What may be a little confusing is that we are going to start talking about optimization. But as you likely remember, one of the biggest pieces of advice we probably have been giving is: Don't optimize too early! This is still true for your work. Focus on building first and then the optimization.
Still, what does optimization mean? We'll look at what it means through the lens of Big O in this lesson.
One of the things computer scientists are trained to do is to find ways to make things faster, smaller, cheaper, and more precise. One way to approach such problems is to consider the worst-case scenario.
The worst case scenario is that whichever algorithm is being analyzed, it will take the most amount of time possible. For example, if we are searching through an array, we assume that the item will always be found last and that the array size is enormous.
Big O Notation is a way to denote the worst-case scenario. Similar notations indicate average and best-case scenarios, but we will not cover those today.
The name Big O comes from the math discipline and describes the relationship between functions and their growth rates.
Big O of Algorithms is measured by:
- Time complexity - the amount of time it takes the function to complete. It is measured in the number of steps an algorithm takes rather than measures of time, like seconds or minutes.
- Space complexity - the amount of memory (RAM) required for an algorithm to run.
Each complexity can be described with a notation like O(n): Where n represents the number of elements.
Additionally, Big O can be represented visually with the execution time/memory on the y-axis and input size on the x-axis.
As the input size increases, the execution time can change based on the algorithm used.
For our introduction, we'll only consider time complexity and worst-case scenarios. In your studies, as you continue to learn, you should learn and consider space complexity and other scenarios as well.
We will look at five classes of growth complexity. There are more, but these are the ones that appear most often.

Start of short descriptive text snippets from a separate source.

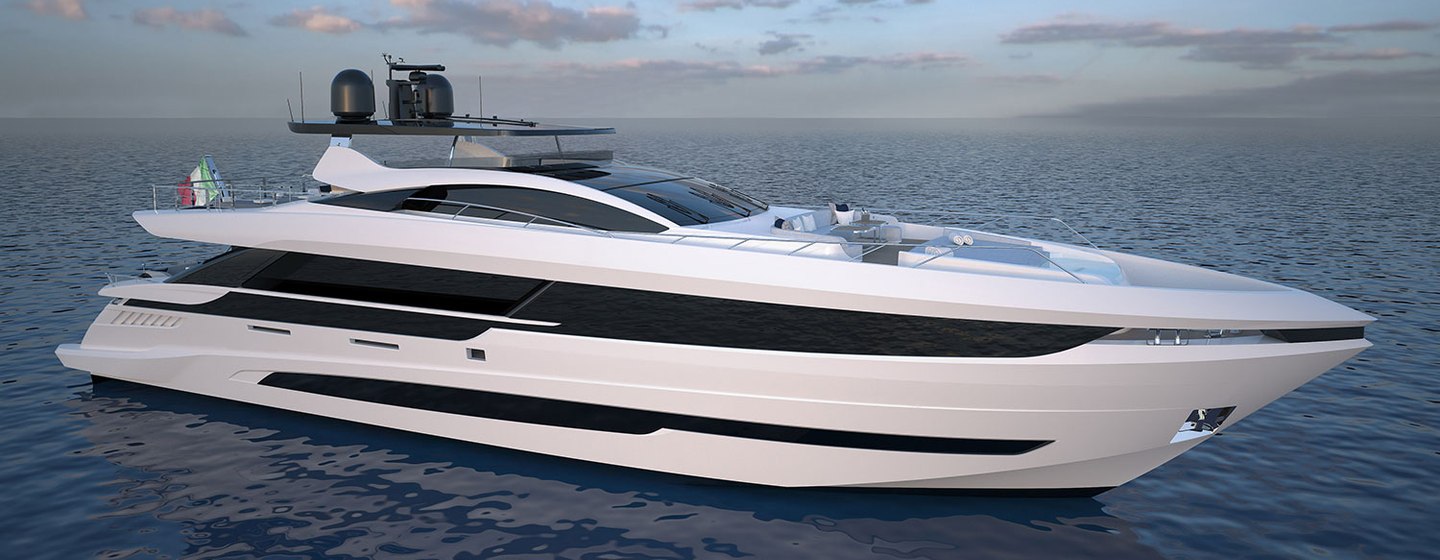 Mangusta GranSport 33 superyacht on sea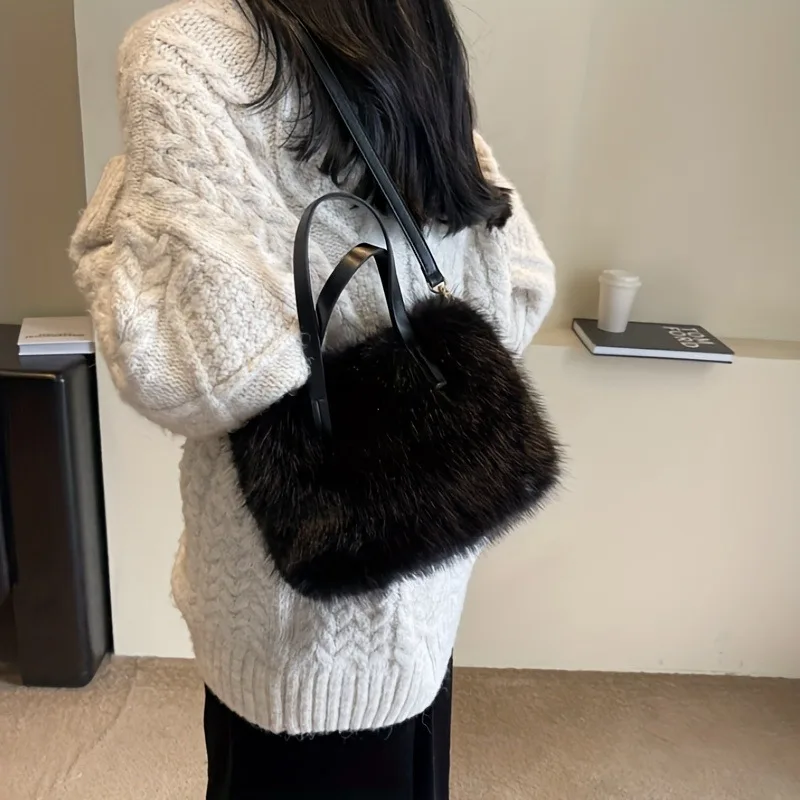 Faux Synthetic Leather Handbag, Fluffy Tote Crossbody Bag for Daily Use, Parties, Purses and Handbags for Women Plush Tote Bag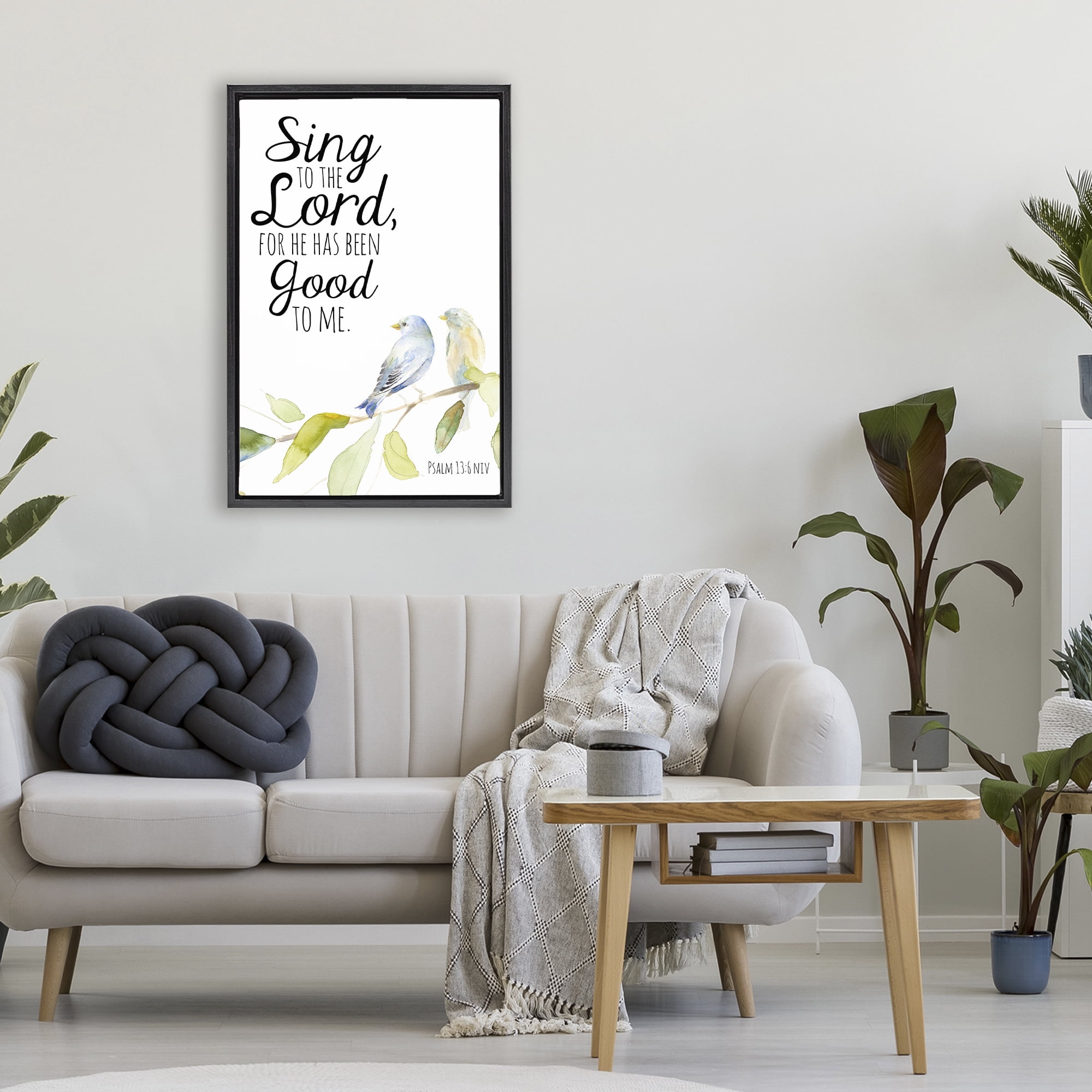 Stupell Industries Sing To The Lord Black Framed Floater Canvas Wall Art, design by Lanie Loreth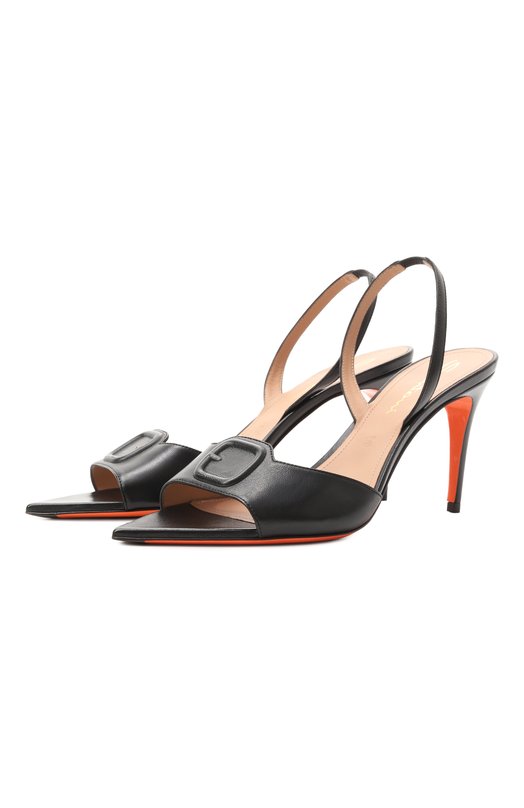 Кожаные босоножки Santoni WHEG71686HA2NKED Чёрный WHEG71686HA2NKED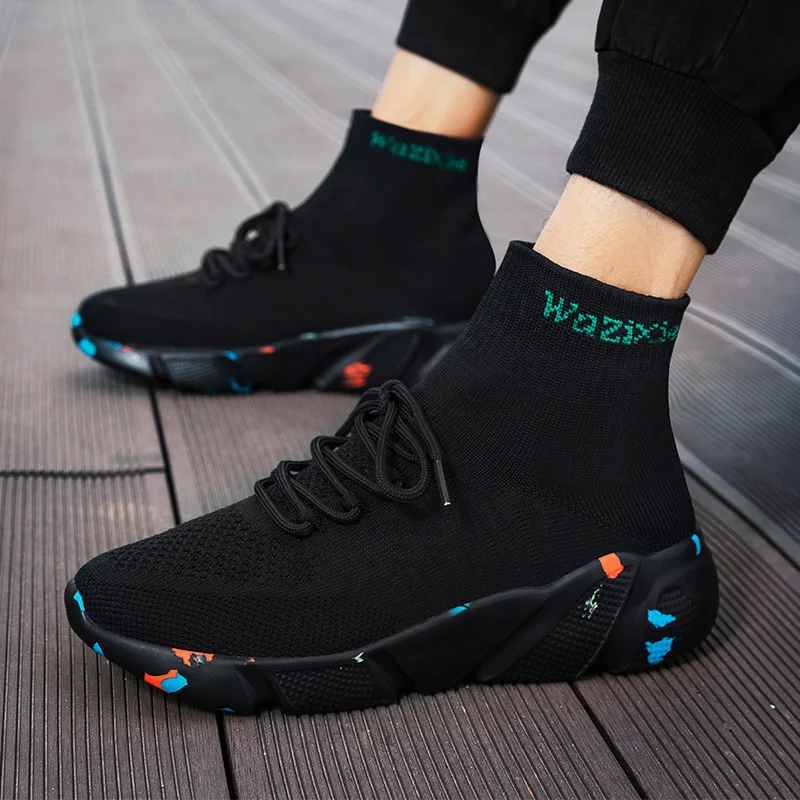 

New Black Socks Sneakers Couples Breathable Knit High Top Socks Shoes Men's Running Shoes Light Platform Casual Trainers Women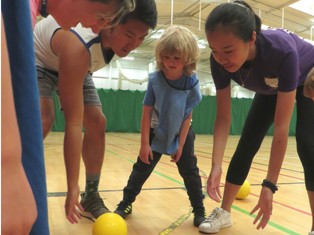 Kevin Lu and Joyce Zhou at a Team Durham summer camp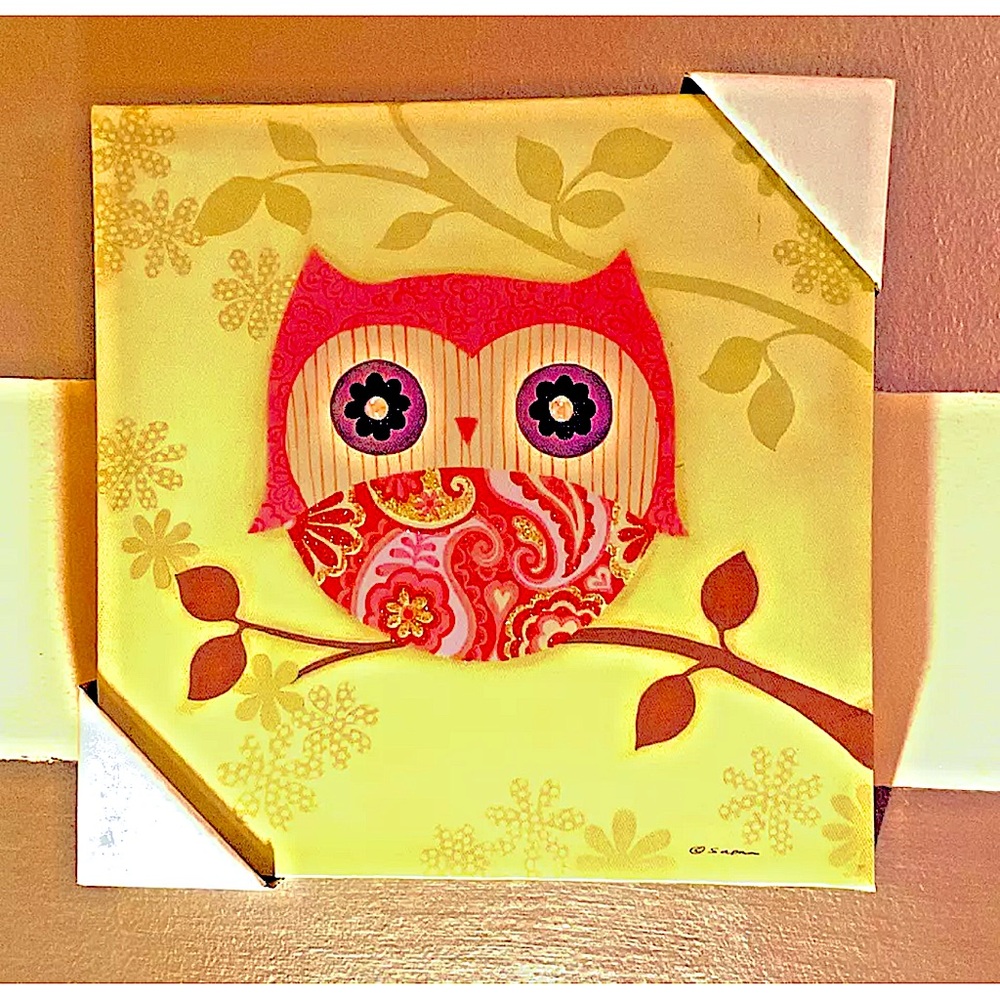 🦉ARTISSIMO DESIGNS🦉GLITTER PAISLEY WINGS RHINESTONE EYES Owl Canvas Art SIGNED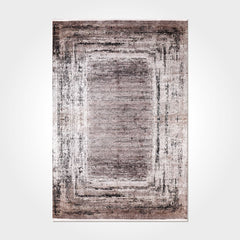 Digital Print Area Rug – Washable Non Slip Chenille Cotton Rug with Brown Frame Design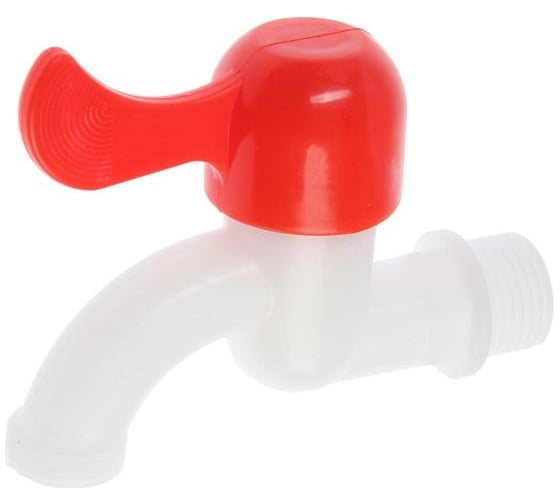 Изображение товара Водоразборный кран ZEIN с плоской красной ручкой, PP, кран-букса, белый 5541253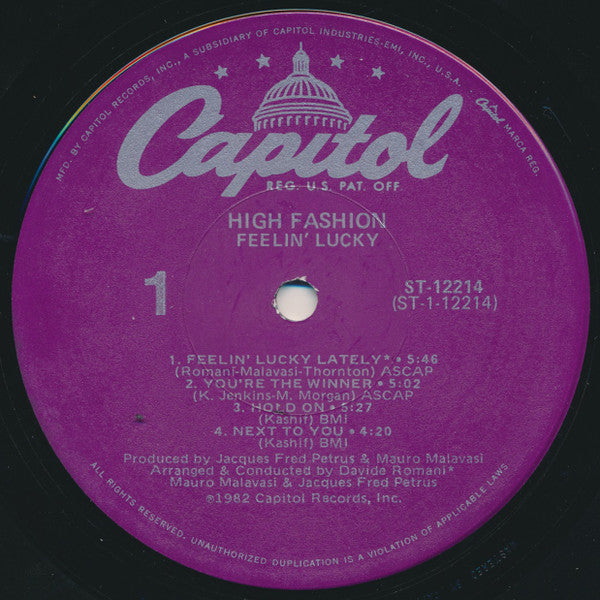 High Fashion : Feelin' Lucky (LP, Album)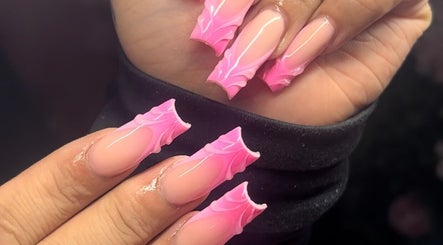 Stylish pink acrylic nails at Velour Ambition, Christchurch, Canterbury Region, NZ.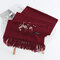 Women Ethnic Style Embroidered Woolen Blending Scarf Shawl Casual Warm Breathable Sunscreen Scarf - Wine Red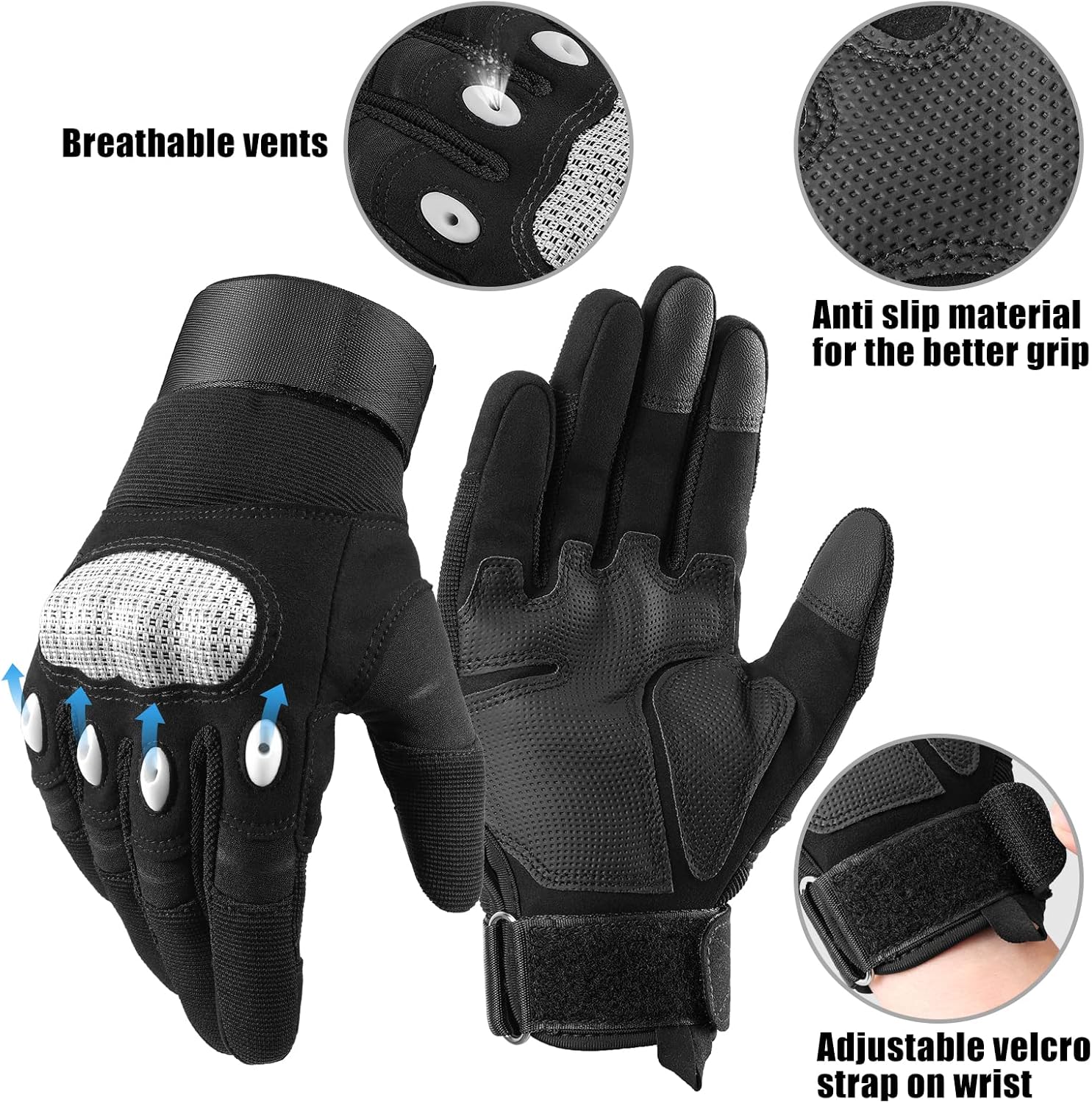 Cierto Guantes tácticos para montar con pantalla táctil para hombre y mujer, transpirables y antideslizantes, para motocross Airsoft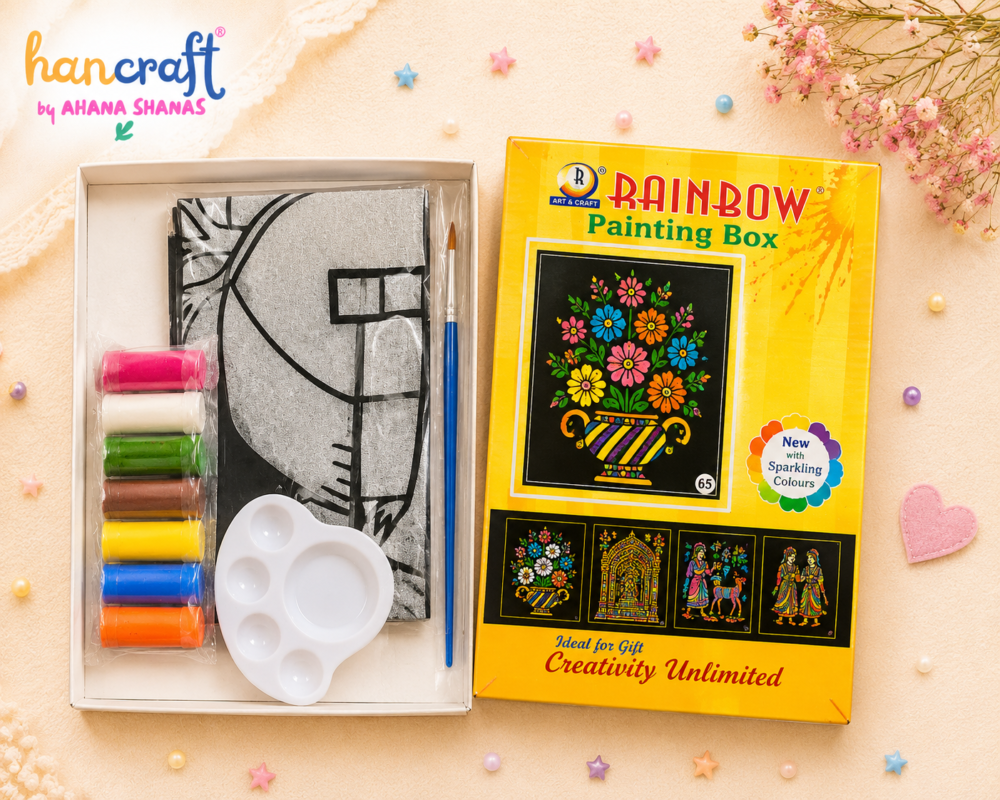 Hancraft cloth emboss painting DIY kit with random floral design, fabric painting colours, brush, palette, and 3D art craft supplies for kids and adults
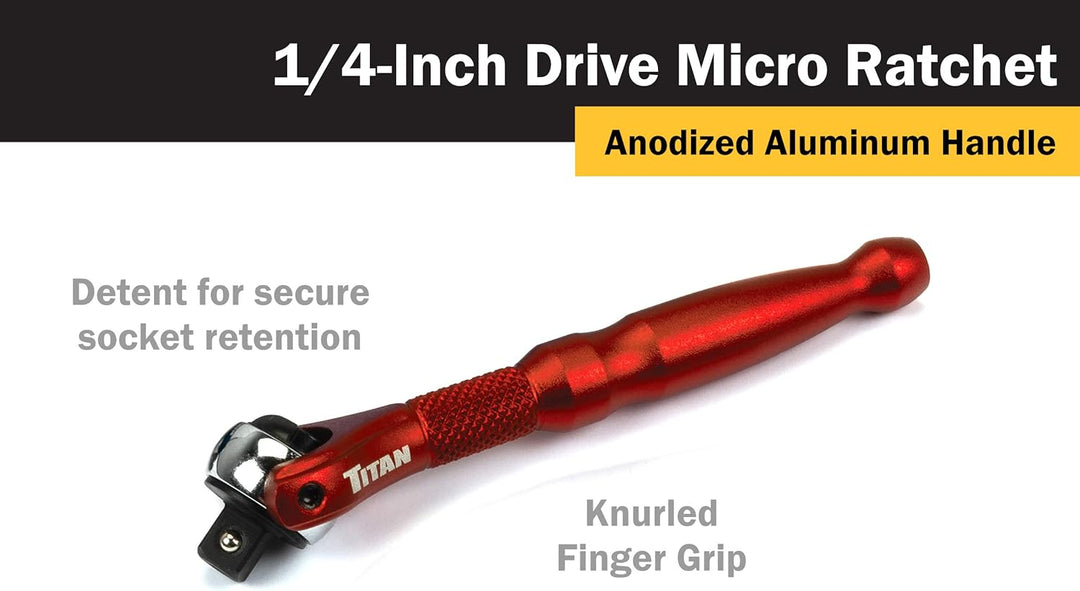 Titan 11320 1/4 Zoll Antrieb x 4 Zoll 90 Zähne Schwenkkopf Micro Ratsche – Rot Drehgelenk, Rot, Dreh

We'll be using the same example throughout - a cloud music service.
If our service is small - 100 artists, and 100 users, we don't have to worry about optimization. Computers are pretty fast.
However, as our cloud music service grows with more music and users, we want to improve optimization.
- Better user experience if someone says, 'Hey, Siri/Alexa play Silicone on Sapphire, ' and there are over 20 million songs to search through. This request could take a minute. But we don't want to wait a minute! We will think our assistant did not hear us or is broken if we have to wait a whole minute. We need our results as fast as possible.
- Better resource usage. Storing and delivering millions of songs to millions of users takes a lot of computing power. If there are more efficient ways, it will save resources
Let's think that we have an array of artists. Each artist is made up of an object. Each artist has an array of objects that are albums. Each album is an array of song names.
const artists = [
{
name: "Miles Davis",
albums: [
{
title: "In a Silent Way",
songs: ["Shhh/Peaceful", "In a Silent Way/It's About That Time"],
},
{
title: "Milestones",
songs: [
"Dr. Jekyl",
"Sid's Ahead",
///...
],
},
],
},
{
name: "Dolly Parton",
albums: [
{
title: "Jolene",
songs: [
//...
],
},
{
title: "9 to 5 and Other Odd Jobs",
songs: [
// ...
],
},
],
},
];"Play the first song from The Star Wars Soundtrack."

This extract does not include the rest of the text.